LeetCode 287. Find the Duplicate Number

Find the Duplicate Number | LeetCode OJ
https://leetcode.com/problems/find-the-duplicate-number/

这个题目属于编码比较简单但解法分析过程比较复杂。

首先,把1~n放入0~n个元素,必定有两个或以上元素重复。数字里没有0,所以从下标0出发不会再回到最初的元素0。

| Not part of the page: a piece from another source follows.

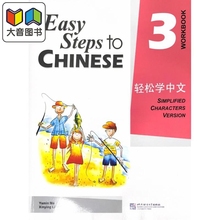 Easy Steps to Chinese 3 Workbook 轻松学中文练习册3 北京语言大学出版 对外汉语 IGCSE HSK汉语水平考试 大音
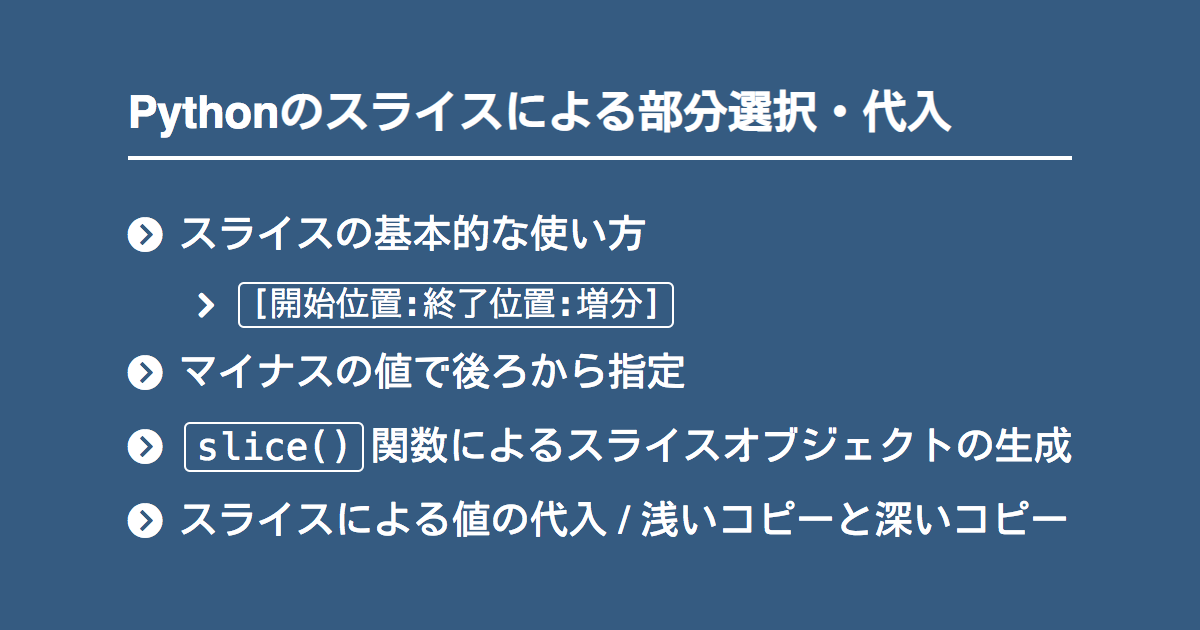 Pythonのスライスによるリストや文字列の部分選択 代入 Note Nkmk Me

假设当前的下标为x,下一步的下标为f(x),若f(x) = A[x], 也即每次跳到一个元素,则下一步移动到当前元素值对应的元素下标。我们来证明这样的移动存在环:

假设重复的元素值为x.

假设x存在于A[1..n]中,A[i] 和A[j]的值为x。除去i,j,A[1..n]还剩下n-2个元素,若A[x]值为i,j,x之一,显然这是一个环。假设A[x]的值为k,k!=x && k!=i && k!=j,则剩下n-3个元素。因为重复的元素只有x,所以剩下的元素值不能为k,这样我们只有n-4个不重复的值可用,如果要填入n-3个元素,或者这n-4个元素有重复,这和假设矛盾,或者只能填入i,j,x之一。这样就形成了一个环。

A[0]=x的情况证明也类似。

既然证明了这种遍历方式存在环,我们就可以套用 Linked List Cycle II 的思路来找到环的起点。此处不赘述。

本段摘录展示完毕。